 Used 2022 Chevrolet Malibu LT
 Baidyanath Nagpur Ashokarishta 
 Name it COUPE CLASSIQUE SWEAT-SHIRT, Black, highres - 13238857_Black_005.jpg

= = = = = = =

### Task to carry out
Line by line, return the whole listing without a single difference.

### Answer to this exercise
 Used 2022 Chevrolet Malibu LT
 Baidyanath Nagpur Ashokarishta 
 Name it COUPE CLASSIQUE SWEAT-SHIRT, Black, highres - 13238857_Black_005.jpg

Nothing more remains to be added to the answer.